Mostly though she was gone. I went to school. I did my calculus homework. I played D&D. I mowed the lawn. I made food, and then the food ran low. I had started to apply to colleges, but the reality of college seemed like a remote, fragile thing. I had to enter my parent’s income on the financial aid forms. The schools where I wanted to go -- to a private school in Walla Walla, to Dartmouth, to a private school in Tacoma -- seemed expensive on a level that made it seemed possible to attend. That this, the amount of money required each year in tuition, much less the other expenses of attending school, seemed so preposterous, I just thought there was something I didn't understand. (Nope, they actually twice as much as money per year as my parents had originally paid for their house.) In practicality, even the state school cost too much. My mother encouraged me to apply to schools. My father shook his head. There is no way I will pay for you attend college he said. No one paid my way. I ended up confused and uncertain completely unable to see what my life would be like after I graduated. I was certain my mother would officially move out of the house, and then I was unsure where I would even life, much less what school I would attend.

During this time, an Army Recruiter found me. He was a tiny guy who wore Class As. He was missing teeth. He drove a dented Pontiac that had mismatched colored doors. He wore his hair short and oiled and slicked back over his scalp. He gave me a kind of used car salesmen pitch about the Army and then a handful of literature. Unlike the literature of Dartmouth say, the Army Reserve literature talked a about how much money I would make, they would provide training, and tuition for college. It would take nearly a year to train in the military. On one level everyone in my family had warned me about the Army. They do not tell you the truth; I had been told. But, I had in my hands promises and contracts. And all I had to do was enlist and when I graduated from high school I knew what I would be doing. I would get on an airplane (with a ticket the Army had paid for) and go to Basic Training and then school where I would, the literature said, learn a valuable skill.

I hesitated and delayed the recruiter and he went away. During the summer, my mother began to suffer panic attacks in the middle of the night. She went to bed almost every night and then ended up crying out at some point in the middle of the night. She rushed around the house. Doors slammed. The sink went off and on. She took a bath at three o’clock in the morning. When I woke, she was gone and wouldn’t return until the end of the day. She came home from work dressed in her work clothes with her security badge, and then left again. I lived on rice and beans.

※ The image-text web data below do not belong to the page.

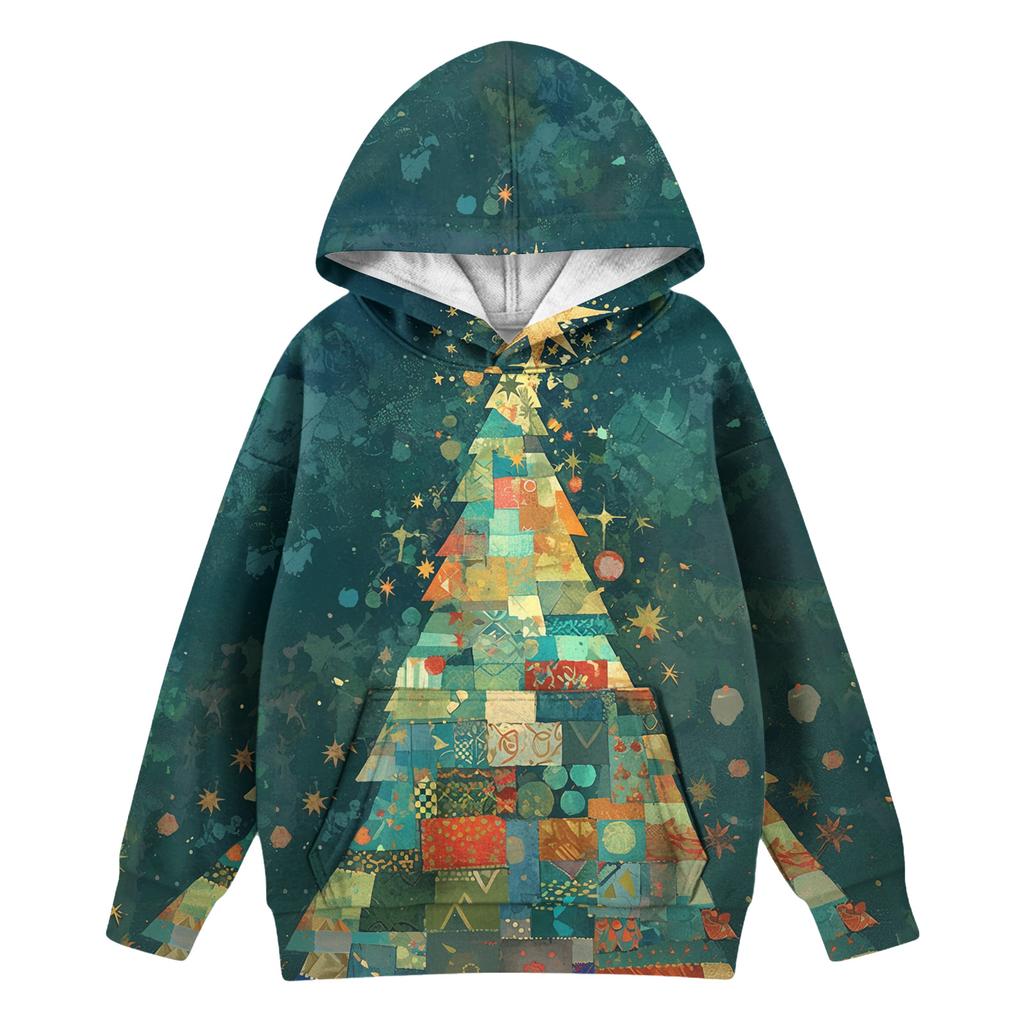 Jenters hettegenser med batikkmønster - Pullover med trykk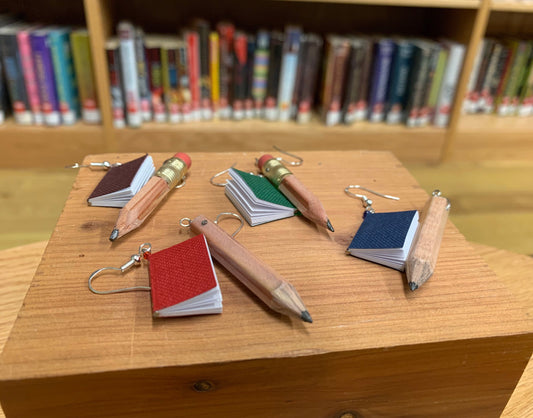 4 pairs of book and pencil earrings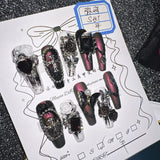 Qfdian 10Pcs High Quality Handmade Press on Nails Mihai Matte Darkening Niche Style Spicy Girl Nail Drill Decoration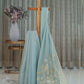Elegant Banarasi Cotton Saree in Stone Blue with Golden Weave Buttis and Floral Pallu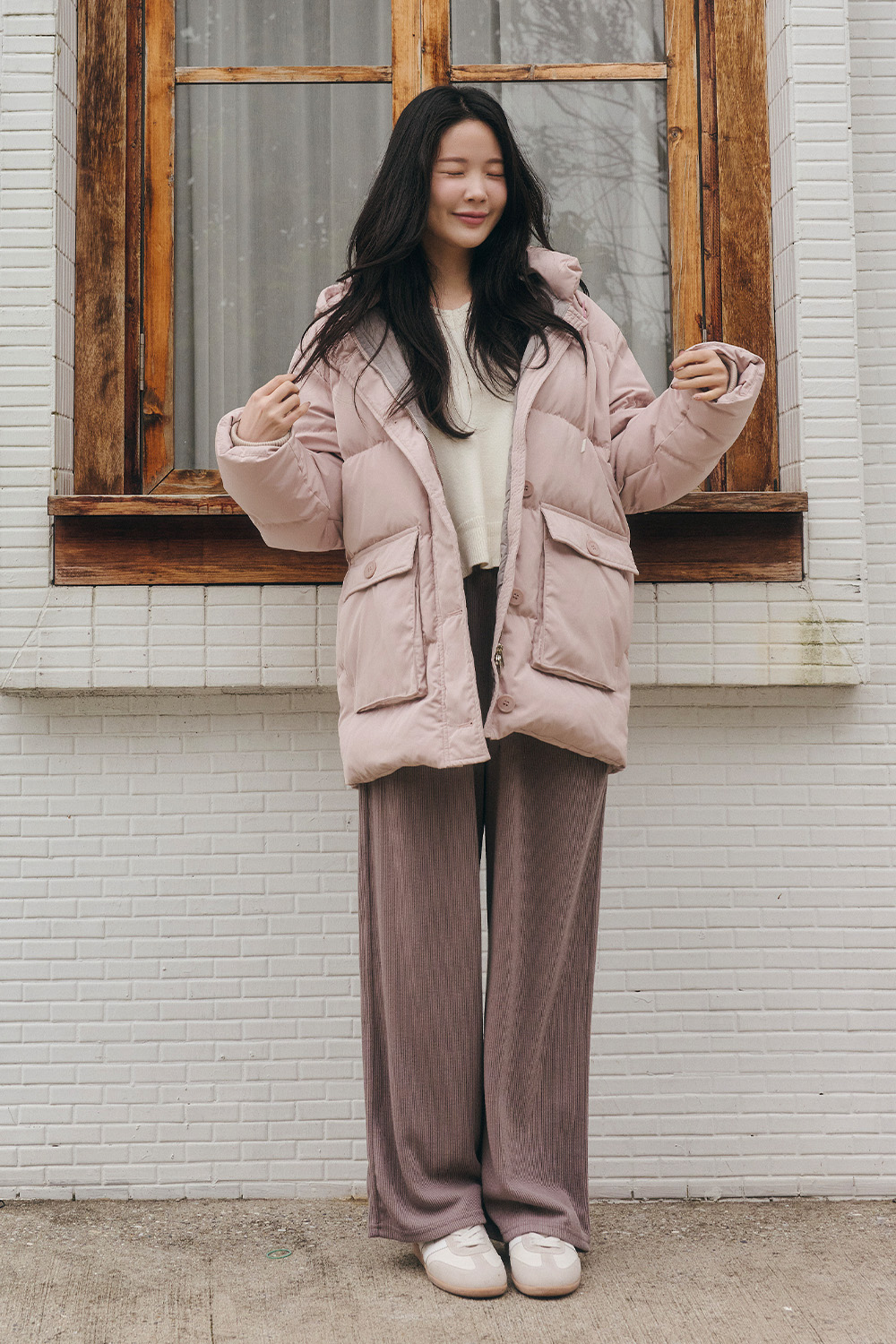 HEALER Made 口袋版小棉襖 舒適坑條直筒寬褲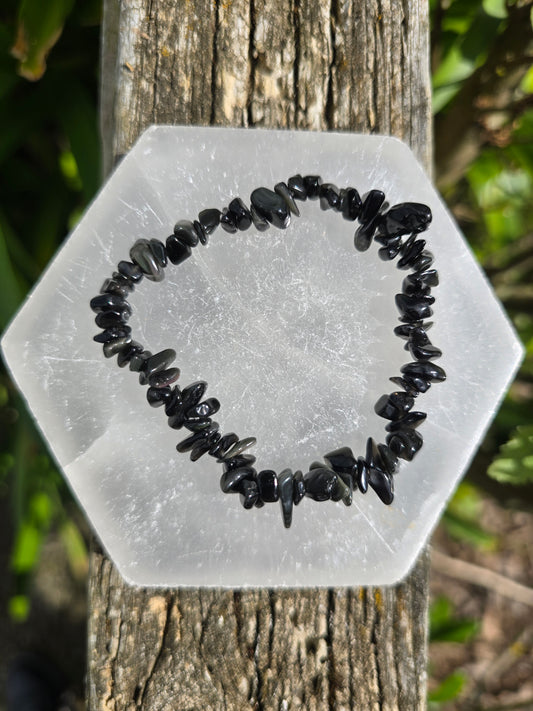 Black Obsidian | Crystal Chip Bracelet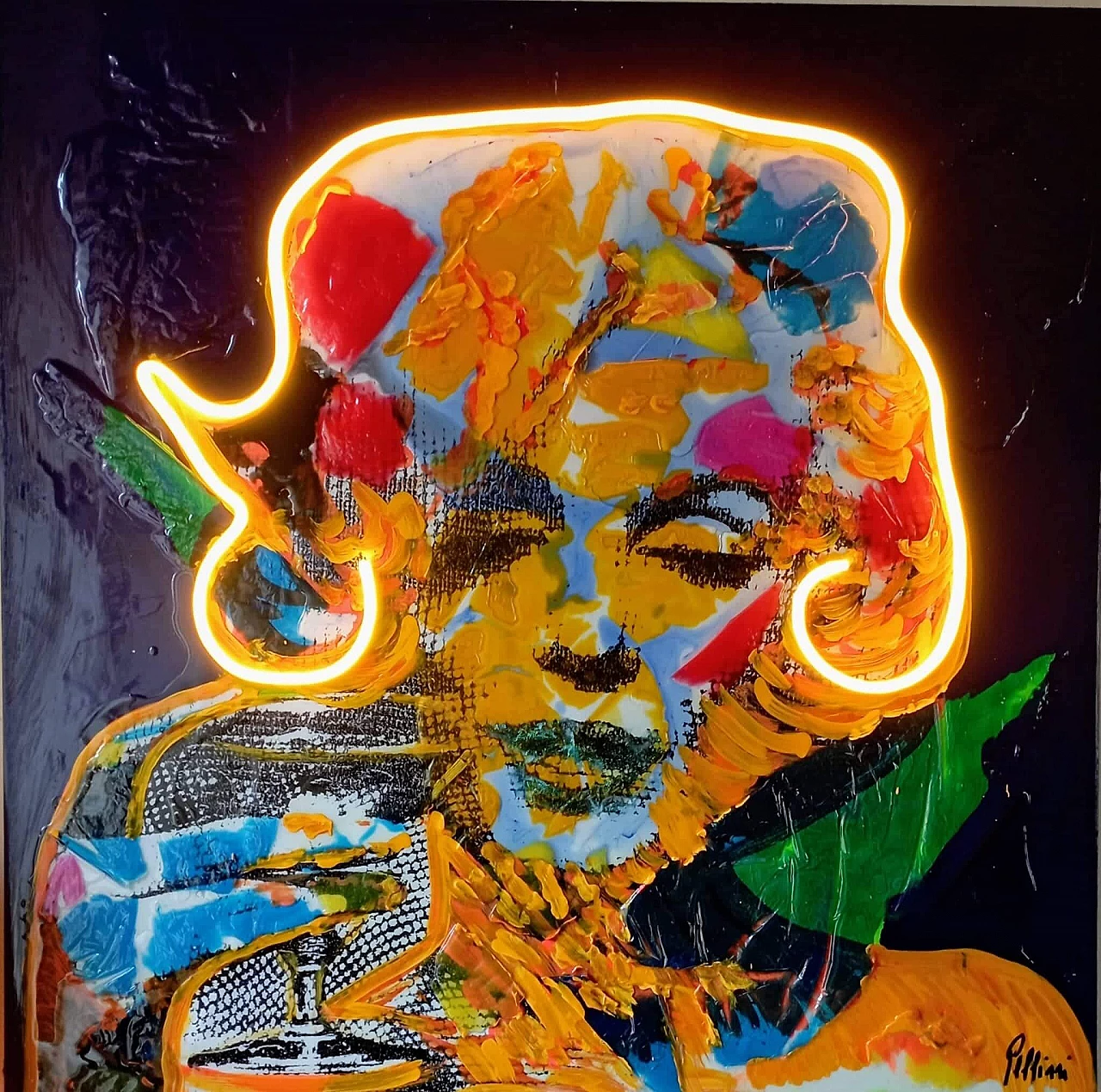 Rolando Pellini, Marilyn Monroe, digital print, acrylics and LED on canvas, 2022 3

When the recruiter called again, he took me out to lunch. I think that did it. I ate, and having not eaten food I’d (poorly) prepared for six months, I figured it couldn’t be as weird as it currently was and I would make the money I needed for college myself. I seemed like a fair trade. So enlisted. Enlisting suddenly put into my mind a kind of structure, a cap on what had bee happening. When I graduated from high school, I would climb on a plane and something else would happen.